Wednesday, May 9, 2012
66. Digital Archives Adds Women's Prison Records
The ICPR issued the following press release last week:
INDIANAPOLIS (May 3, 2012) -The nationally-recognized Indiana Digital Archives (indianadigitalarchives.org) has new digital collections available for anyone interested in Indiana heritage and genealogy.
The Indiana Women's Prison database includes nearly 20,000 names of women committed to the Indiana Women's Prison between 1873 and 1969. Compiled from inmate record books maintained by the Indiana Women's Prison, information entered in this database includes the prisoner's name, race, county of conviction, crime, term of sentence and/or fine, sentence date, and the date(s) of discharge, parole, pardon, or death. When applicable, the "Notes" field includes information on transfers to other institutions, aliases, maiden or married names, escapes, and previous convictions or paroles.
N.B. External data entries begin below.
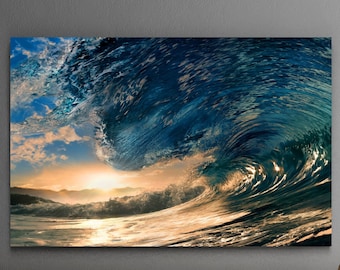 Cuadro de pared con olas del océano azul, lámina de arte de olas en lienzo, cuadro de pared extragrande con olas, diseño de arte de pared con playa, océano y arena blanca en lienzo.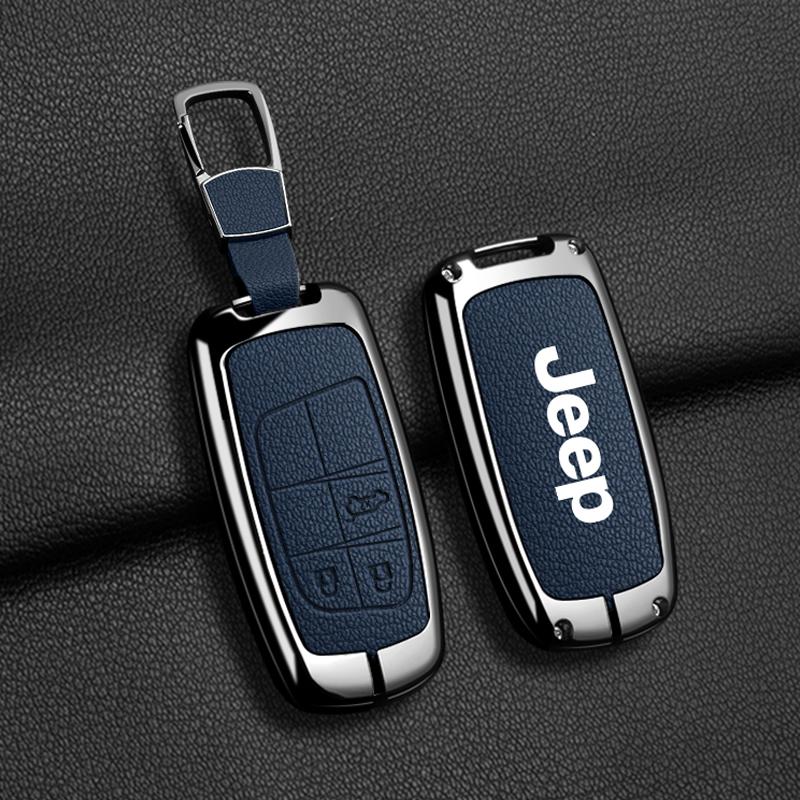 EPY1 For Jeep Grand Cherokee WK2 KL Wrangler JK Commander Renegade Compass 2018 2022 Metal Leather Car Key Case Cover Bag Accessories
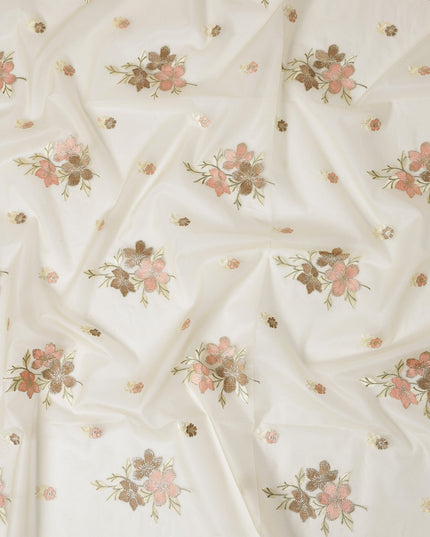 Ivory Silk Organza Fabric with Pink and Brown Floral Embroidery, 110 cm Width-D20430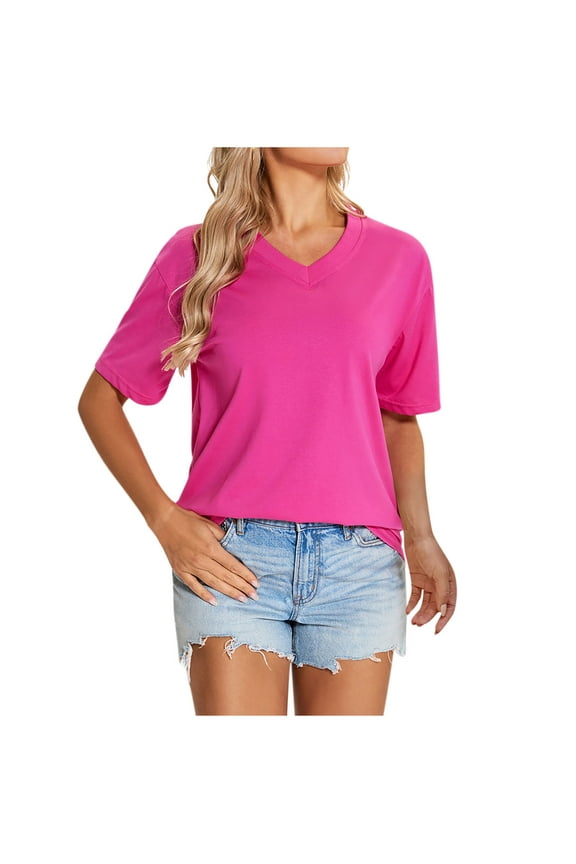 Women's Chic V-Neck Blouse Short Sleeve Solid Color Feminine Top Casual Comfortable with Elegant Detail for Stylish Everyday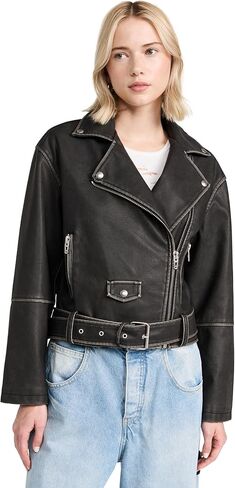 [BLANKNYC] سترة نسائية فاخرة من الجلد النباتي مع حزام، معطف مريح وأنيق in Kuwait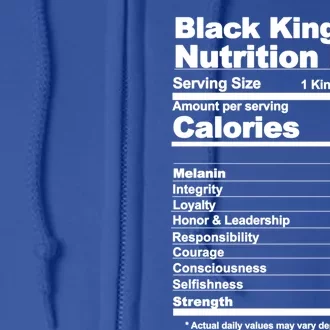 Black King Nutritional Facts Gift Full Zip Hoodie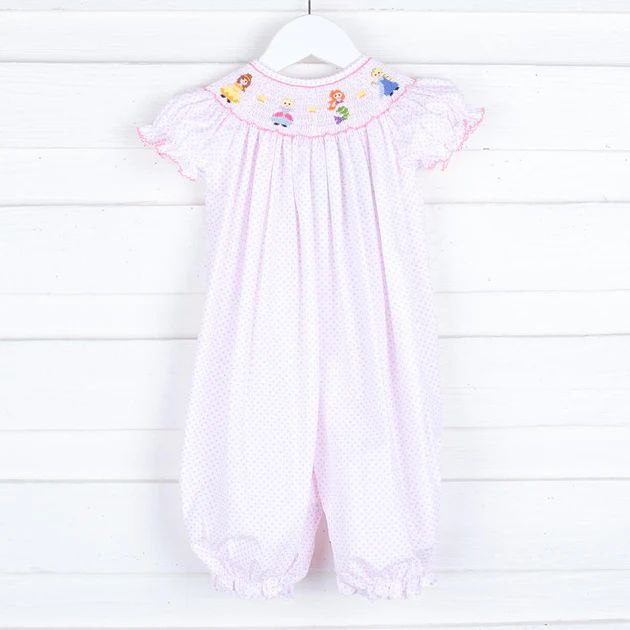 Princess Friends Smocked Long Bubble Pink Dot | Classic Whimsy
The inmate record books at the Indiana State Archives also contain family history and other information not included in this database due to space limitations. Additionally, there are admission cards, commitment papers, occasional photographs, and other records for some prisoners.
Researchers should contact the State Archives at arc@icpr.IN.gov to learn what records are available on an inmate and to order reproductions of documents.
"The Indiana Women's Prison has a significant place in Indiana history being the nation's first institution expressly for female prisoners and the first maximum-security female correctional facility," said Jim Corridan, State Archivist and Director of the Indiana Commission on Public Records. "We anticipate family history researchers will find this index particularly useful when researching incarcerated women in Indiana."
[My comment? Where are the images online? This database, while good, has again been keyed by Hoosier volunteers at little or no cost to the state. When is the "professional" paid staff going to be trained to operate a scanner, so that we can see these documents and photographs? The Washington State Digital Archives, supposedly the model for Indiana, has thousands of images online.]